Sentence 6 includes the keyword (influencing) “paper wrinkle” and the keyword (influenced) “occurs frequently”, and titles of layers higher than or equal to a layer on which Sentence 6 is positioned are “Theme A” and “market”. When weighting values corresponding to these character strings are substituted into the above calculation formula, the score of “24” is obtained. By a similar method, the score of “13.5” is calculated from Sentence 9, and the score of “18” is calculated from Sentence 11.

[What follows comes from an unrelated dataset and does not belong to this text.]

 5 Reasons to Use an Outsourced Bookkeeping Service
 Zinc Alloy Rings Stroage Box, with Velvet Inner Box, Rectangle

FIG. 6 shows an example of a method of measures taken when a plurality of titles are included on the same layer. In a document 101 of FIG. 6, three themes (Theme A, Theme B, and Theme C) are described in parallel as titles on the same layer, and sentences positioned on lower layers of the themes are determined to be related to all of the three themes described in parallel,
In this case, a value obtained by adding a largest value of weighting values of single ones of the extracted themes (Theme A, Theme B, and Theme C) to an average value of the remaining weighting values excluding the largest value is used as a weighting value representing titles of them of the themes. In this example, since Theme A>Theme B>Theme C, the following equation is obtained:
Theme A+(Theme B+Theme C)÷2=2+(1.5+1.1)÷2=3.3
The calculated value 3.3 is used as a weighting value representing the theme names to perform scoring of the sentence. The embodiment of the present invention handles the case in the above manner. However, the method of handling the case where a plurality of titles is included on the same layer is not limited to the above.
In FIG. 5, titles of two layers, a theme name and a phase, are used as titles of layers higher than or equal to a layer on which a sentence to be scored is positioned. In FIG. 7, a case where only a title of one layer is used at the time of scoring will be described.
FIG. 7 shows an example of an extraction method in a case where only a title of one layer among titles of layers higher than or equal to a layer on which a certain sentence is positioned is extracted. In the embodiment of the present invention, a type of a title to be extracted is determined in advance, and a title is extracted only when a title of the type exists.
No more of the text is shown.